Problem to solve
The full listing is to be transcribed exactly, with each picture left out.

Input data
*-*-*
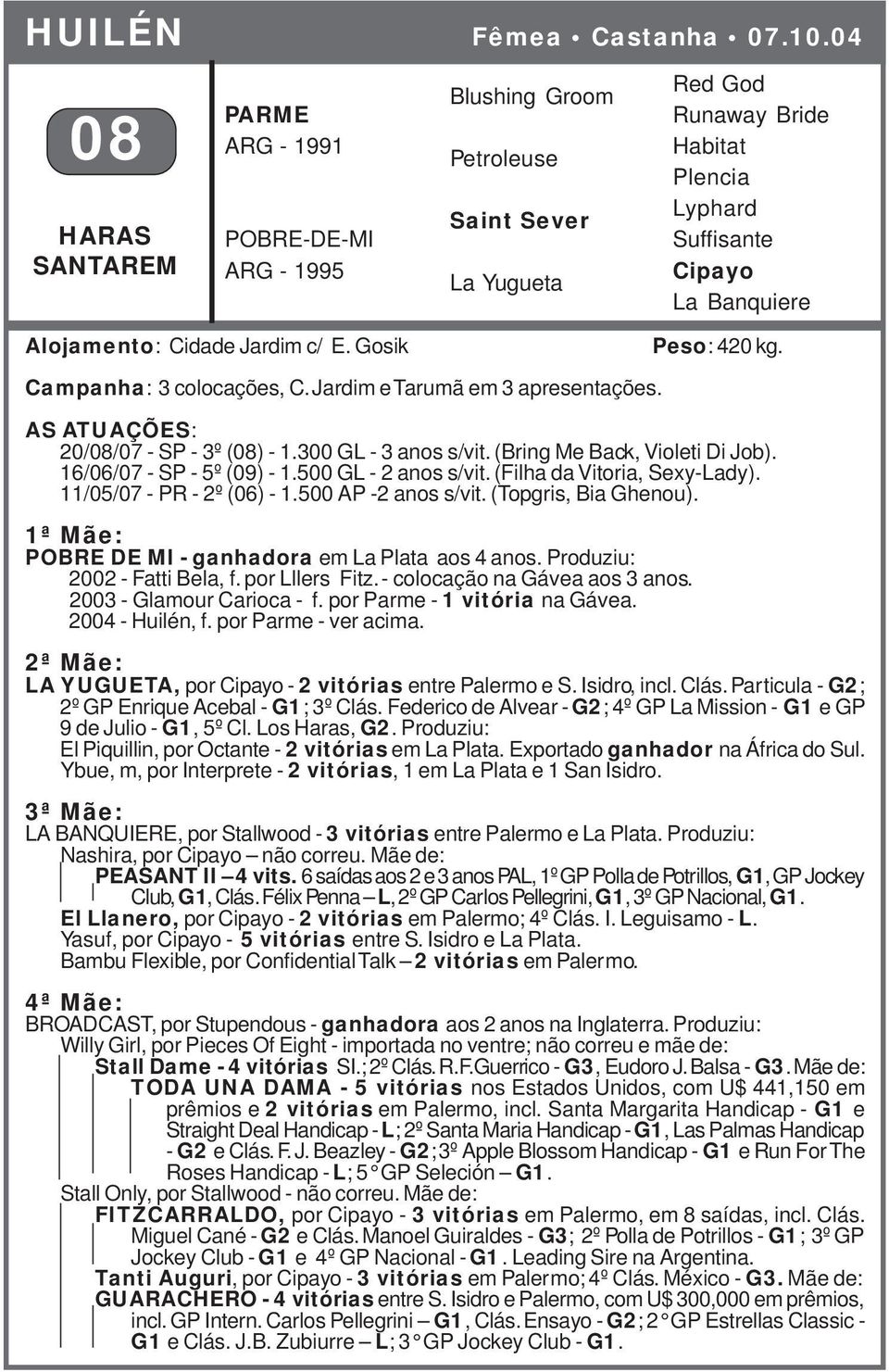 Jardim c/ E. Gosik Peso: 420 kg. Campanha: 3 colocações, C. Jardim e Tarumã em 3 apresentações. AS ATUAÇÕES: 20/08/07 - SP - 3º (08) - 1.300 GL - 3 anos s/vit. (Bring Me Back, Violeti Di Job).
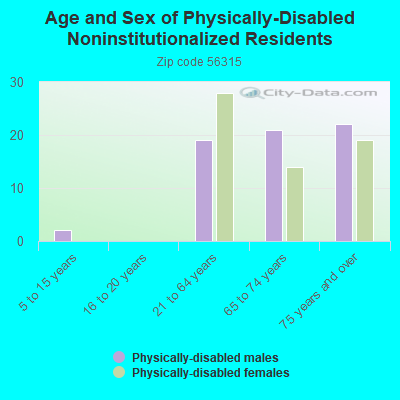 Age and Sex of Physically-Disabled Noninstitutionalized Residents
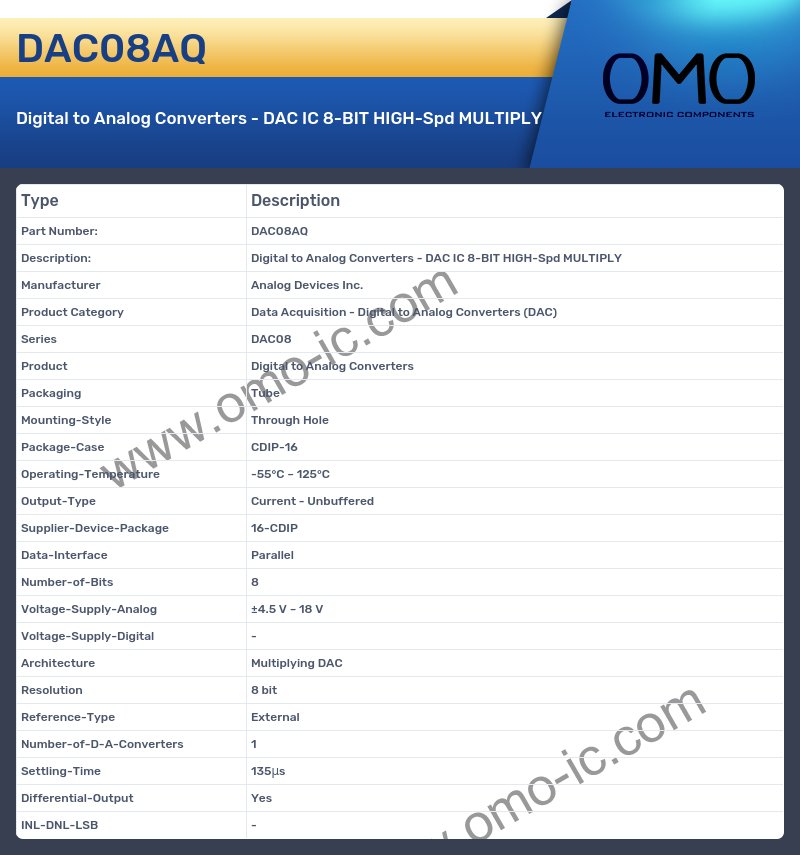 DAC08AQ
*-*-*
Reply to the exercise
 Jardim c/ E. Gosik Peso: 420 kg. Campanha: 3 colocações, C. Jardim e Tarumã em 3 apresentações. AS ATUAÇÕES: 20/08/07 - SP - 3º (08) - 1.300 GL - 3 anos s/vit. (Bring Me Back, Violeti Di Job).
 Age and Sex of Physically-Disabled Noninstitutionalized Residents
 DAC08AQ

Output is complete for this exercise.